Gelaarsde struisvogel
De persoon met de állerlaagste dunk van mij, is mijn schoenmaker. Hij weet namelijk wie ik echt ben: een struisvogel op Prada-muiltjes. Ik zal het uitleggen.
Het is vast een syndroom dat door de medische wereld nog dient ontdekt te worden, maar: ik kan zeer slecht afscheid nemen van kleren en schoenen. En dan bedoel ik niet eens afscheid in de zin van naar de kringwinkel ermee, nee nee: een trui in de wasmand gooien vraagt een zekere inspanning. Omdat ik denk: wát als ik die trui nu morgen wil aandoen, en hij is nog niet droog? Hetzelfde geldt voor schoenen: ik hou ze in de kast tot de hielen verdwenen zijn in de zool en het leer dermate uitgedroogd is dat het kroko is geworden.
En dán, op dat moment, omdat het water me aan de lippen staat, trek ik naar de schoenmaker. Met een Delhaize-zak vol levenloze muiltjes en zoolloze loafers. De schoenmaker, dat heb je al in de smiezen, ziet me niet graag komen. Meer zelfs: zodra ik over de drempel ben en het deurbelletje heeft geklingeld, schudt hij al van nee.
De schoenmaker had een gezicht op onweer en ik wist: ik krijg een uitbrander
De laatste keer – drie dagen voor ik zou vertrekken naar de modeweek in Milaan – was dermate erg dat ik vrees nooit meer binnen te mogen. “Ik heb hier drie paar slingbacks en een muiltje en ik zou heel graag...” Mijn schoenen werden één voor één uit de zak gevist en onderworpen aan een security-check. De schoenmaker had een gezicht op onweer en ik wist: ik krijg een uitbrander.
“Mevrouw,” sprak hij, “deze schoen is niet te redden. U heeft de hak er volledig af gelopen; u had wéken eerder al moeten komen. Nu is deze schoen voor de vuilbak.” Ik kon wel wénen. De schoen-voor-de-vuilbak was een roos canvas Prada-muiltje dat én elegant was én comfortabel, en ik wilde het eigenlijk mee naar Milaan. “Sorry”, zei ik, “ik weet dat ik sneller had moeten komen, maar dit zijn echt mijn lievelingsschoe...”

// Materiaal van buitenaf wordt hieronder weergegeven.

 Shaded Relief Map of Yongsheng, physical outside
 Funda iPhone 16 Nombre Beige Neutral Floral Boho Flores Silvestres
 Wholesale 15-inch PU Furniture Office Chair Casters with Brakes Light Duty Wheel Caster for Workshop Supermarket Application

Hij had intussen een tweede paar schoenen in de hand: iets minder terminaal, maar er waren ook klachten over: “Hier zit amper nog een zool op, dus ik moet die verstevigen en aan de tip zul je dat zien, niks aan te doen.” Er volgde een zucht, en toen werden mijn schoenen op een rek geladen, met uitzondering van de Prada-muiltjes. Die lagen op de toog, te wachten op de vuilkar.

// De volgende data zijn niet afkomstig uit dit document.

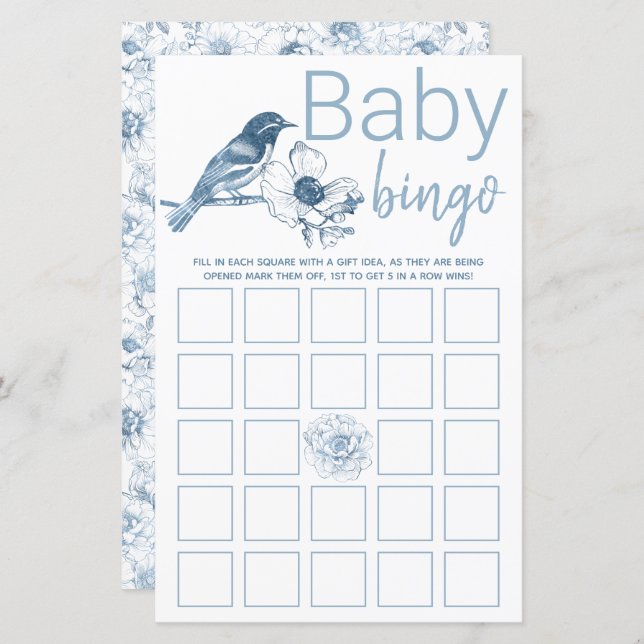 Dusty Blue Baby shower Bingo Game Card Floral (Devant / Derrière)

“Meneer,” zei ik, “kunt u écht niets doen? Het waren dure schoentjes en ik heb heel veel spijt van mijn...” Hij keek eerst boos, dan meewarig: “U moet stoppen met die struisvogelpolitiek mevrouw. Meteen komen. Rapper de hakken vervangen. Dit gaat geld kosten, dat zeg ik u.” Ik kon hem wel om de hals vliegen, de man die mij net een struisvogel had genoemd. Ik had dat ook moeten doen, maar nee – ik moest het weer op de spits drijven. “Top! Duizendmaal dank! Kunnen ze binnen drie dagen klaar zijn?”